Hey, Dilbert. Where’s My Data?!

  • Thomas Barker, University of Pennsylvania, tbarker@pobox.upenn.edu

Code4Lib 2011, Tuesday 8 February, 11:30 - 11:50

Libraries are notorious for maintaining data in massively disparate systems such as databases, flat files, xml and web services. The data is rich and valuable to assessment, but extracting value from multiple systems is complex and time consuming. Yes, there are open source and commercial solutions available, but libraries have unique requirements that can be difficult to integrate into these products. Commercial options also tend to be overly complex or the cool features require an expensive enterprise edition.

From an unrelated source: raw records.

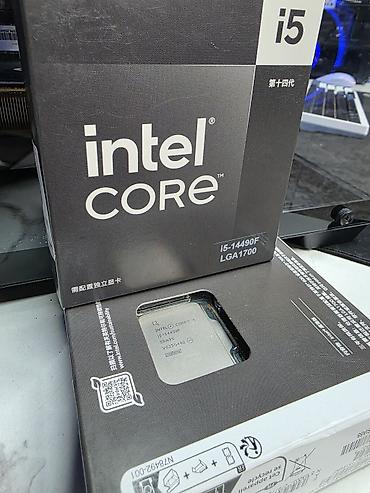 i5 4440: Процессор для ПК, Новый, Intel Core i5, 14 ядер — 1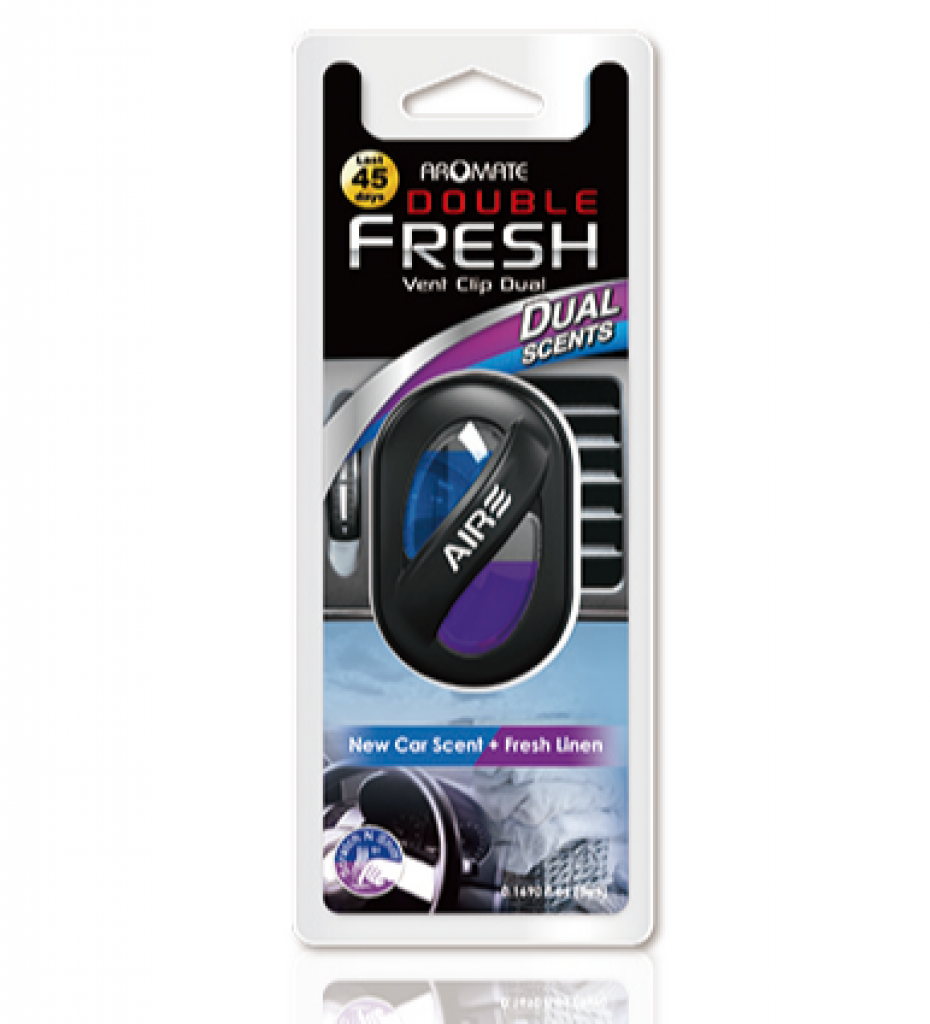 Vent Clip Dual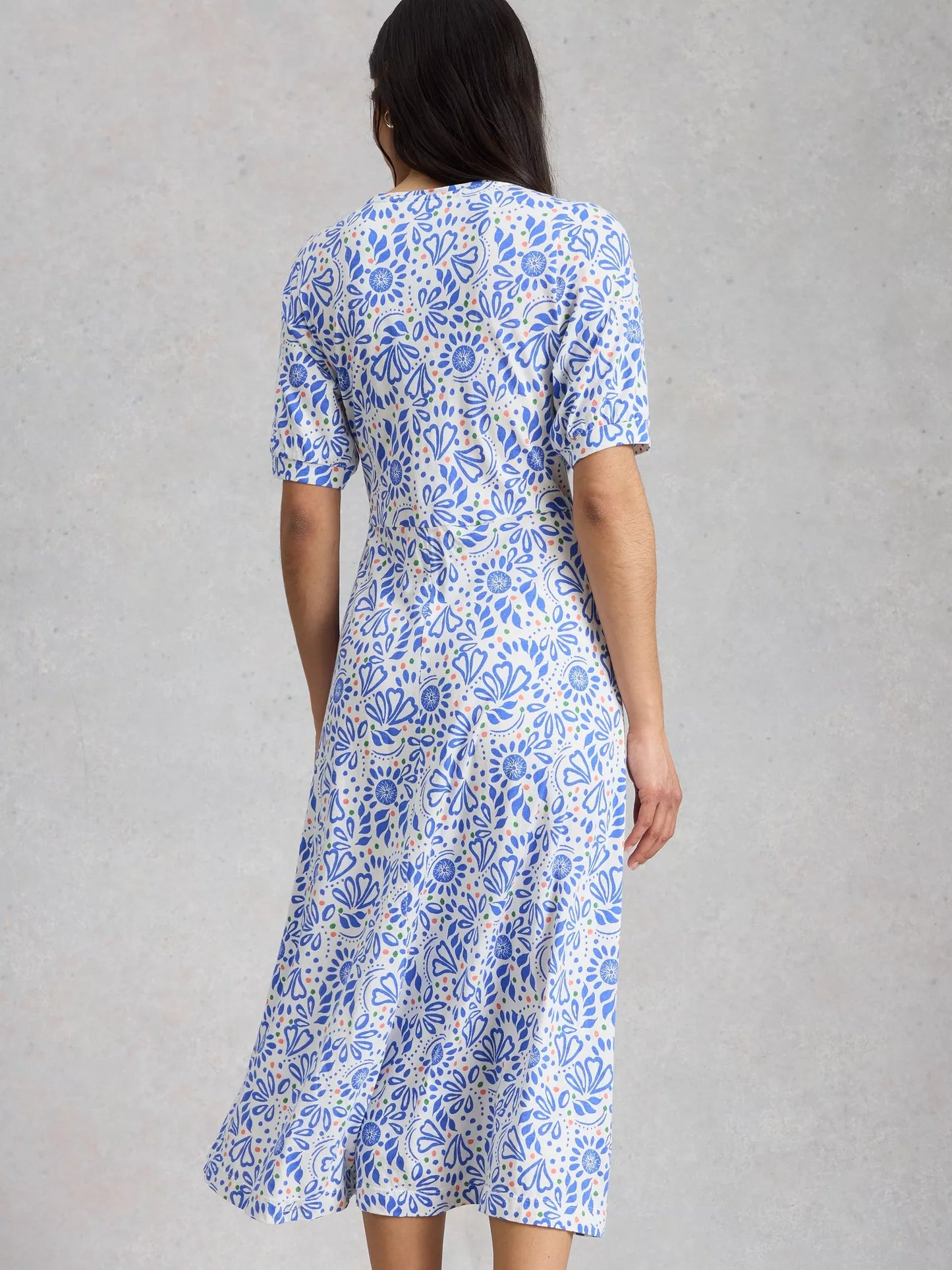 White Stuff Megan Jersey Dress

With funding from the Institute of Museum and Library Services, UPenn is developing MetriDoc to address data integration headaches within the library, and support reporting requirements from management. MetriDoc’s mission is to provide an open source API / tool set where users can specify dataflows and use library based services to solve integration problems while MetriDoc worries about scalability and performance. MetriDoc accomplishes this with no complex xml configuration or scary SOA middleware, but instead uses a simple DSL where possible. Eventually the project will also include dashboards to assist with complex job management and data flow monitoring.

The first half the presentation briefly discusses MetriDoc’s architecture while the remainder of the presentation will include code samples to illustrate problems it can solve. Information on how to contribute or download MetriDoc will be provided as well.